Así, obedecimos su consigna de detener la migración con un carácter policiaco y represivo y aún más ser nosotros su patio trasero donde residan los migrantes hasta que buenamente la burocracia norteamericana responda a las solicitudes de asilo que suelen llevarse años en resolverse para bien o para mal de los solicitantes.

Dice bien Porfirio Muñóz Ledo, que navegamos en el doble discurso de exigir a Estados Unidos que traten bien a nuestros migrantes mientras que nosotros tratamos mal a los que pisan suelo mexicano, lo cual, es también una crítica a Marcelo Ebrard, quien sostuvo falsamente que nuestra dignidad quedó intacta. Y de paso dio una lección a López Obrador quien ha afirmado una y otra vez que la mejor política exterior es la interior, si bien se trata de diferentes conceptos y realidades que están si interrelacionadas, pero tienen que atenderse juntas y por separado, lo cual no ha ocurrido.

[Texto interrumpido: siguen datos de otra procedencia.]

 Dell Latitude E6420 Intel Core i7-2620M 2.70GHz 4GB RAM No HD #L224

Más aún, estuvo alentando la entrada a grupos de migrantes, ofreciéndoles empleo, alojamiento y otros beneficios, que millones de nuestros compatriotas no tienen. 

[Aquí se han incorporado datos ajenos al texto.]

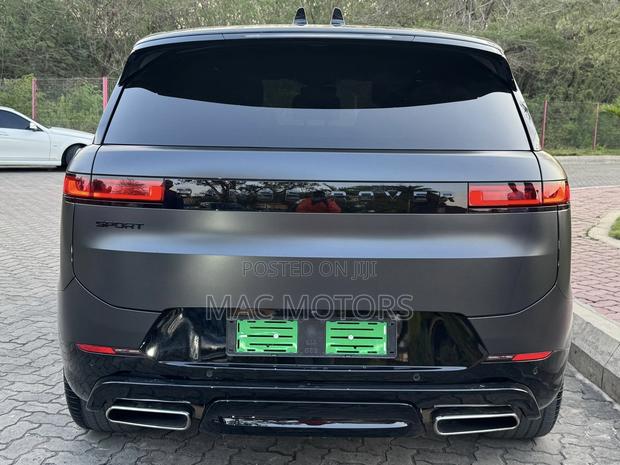 New Land Rover Range Rover Sport 2025 Gray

Si acaso tuvimos a cambio la pírrica concesión de que se alentará el desarrollo en Centroamérica para detener a tantos que buscan trabajo, paz y prosperidad y no la encuentran en su propia tierra, lo cual es igualmente a largo plazo y nada asegura que se cumpla plenamente y sea exitosa, por más que se trate de una acertada iniciativa del gobierno mexicano.

Es cierto, que pesa y determina mucho en nuestro destino nacional la asimetría, respecto a Estados Unidos, por lo que si bien debemos siempre actuar en favor de nuestros intereses legítimos y soberanía, no valen tampoco concesiones timoratas ni desplantes demagogos de tinte nacionalista.

Por eso, el mitin de Tijuana es un sobrante y una intentona truculenta para fingir, cuando en realidad nos doblegamos frente al Goliat norteamericano con una cesión prácticamente incondicional a los caprichos y excesos de un Trump desesperado por la reelección y a la búsqueda del refrendo del poder por el poder mismo.